Smithink director David Smith believes accountants now have an opportunity to step in as the holistic trusted adviser after the royal commission revealed less than savoury practices from financial institutions and their advisers.
Some of the recommendations laid out in the final report include a halt on all grandfathered commissions, a new disciplinary system that will require all advisers to be registered, and for ongoing fee arrangements to be reviewed annually.
To compound that, there are new education requirements, set by the Financial Adviser Standards and Ethics Authority (FASEA), which will be imposed on existing and new accountants and advisers who provide financial advice by 2024.
But for Mr Smith, he believes accountants should capitalise on the situation, which will see a number of financial advisers vacating the space.
“I think the stars have aligned for the accounting industry,” said Mr Smith.
“We have a highly trusted position with the client and you go back through all of the research and you see accountants have a very trusted position with their clients.
“Every accountant, in my opinion, should be striving to be a holistic adviser, to be somebody that is a client’s first port of call for anything to do with their business or their personal financial affairs and if you move to that holistic position, it makes sense for you to be the natural port of call for their wealth management,” he added.
“The great news is because we are now moving away from commissions, it means the fee charges are now in a similar way to the fee charges for accounting work and so all of the concerns that the accountants had back in history are now disappearing and it is a ‘fee for service’ charge.”
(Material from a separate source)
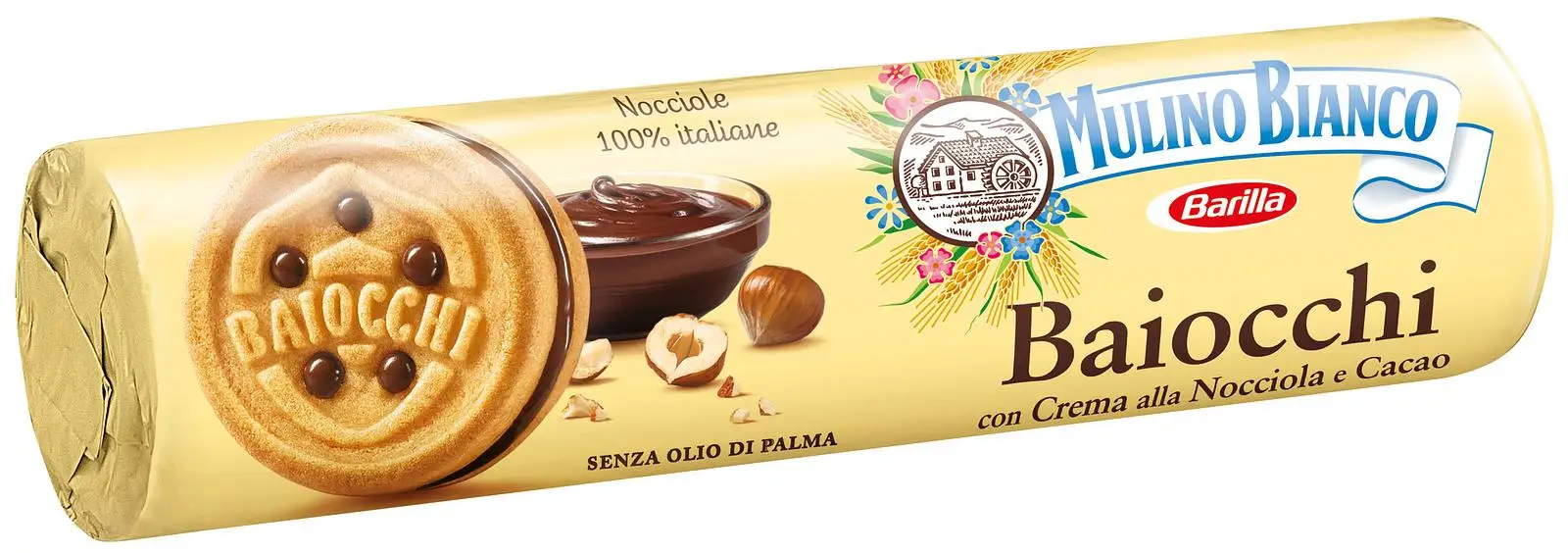 Упаковка 12 штук Печенье Mulino Bianco Baiocchi 168г Италия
Acknowledging the number of barriers for accountants to enter the advice space, Mr Smith believes accountants shouldn’t shy away from exploring the various options of providing the service.
According to Mr Smith, some options include taking on board the business completely by getting educated and licensed, joining a dealer group, setting up a referral relationship with a financial planner or setting up a joint venture partnership with a financial planning business.
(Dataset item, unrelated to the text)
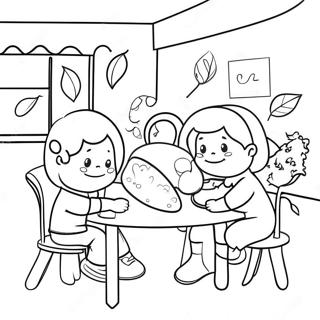 Kindergarten Coloring Page | Kindergarten coloring page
“The reality is the regulatory world which we live in is just that but that isn’t to say there isn’t an opportunity for accountants to participate in the space that works for them and provides the right service for clients,” said Mr Smith.
“I think there are real opportunities now to rework the way a firm may work in the financial planning space to integrate and provide that holistic advice.”
‘Sympathy for accounting bodies’
Mr Smith also says that while he understands the anger that many accountants may have to what they perceive as inaction by the accounting bodies, they need to understand the political complexity of lobbying government.
“I know that many are seething at what you feel the accounting bodies have done in letting our industry down and completely [screwing] our industry and the ability for us to provide the advice that we would like and has failed to pressure the government to bring in the right sort of legislation,” said Mr Smith.
“I was on the board of CA ANZ in the early 2000s when Joe Hockey was the minister responsible for this area and it was quite clear to me at the time that the government had no interest in engaging and it was a very frustrating time for the accounting bodies to negotiate with the government.
“They were being pressured by the financial planning industry and the big institutions and it was hard to get the accounting voice heard so I have some sympathy for the accounting bodies in losing ground over the last 15 to 20 years because it is hard to get the ear of government.”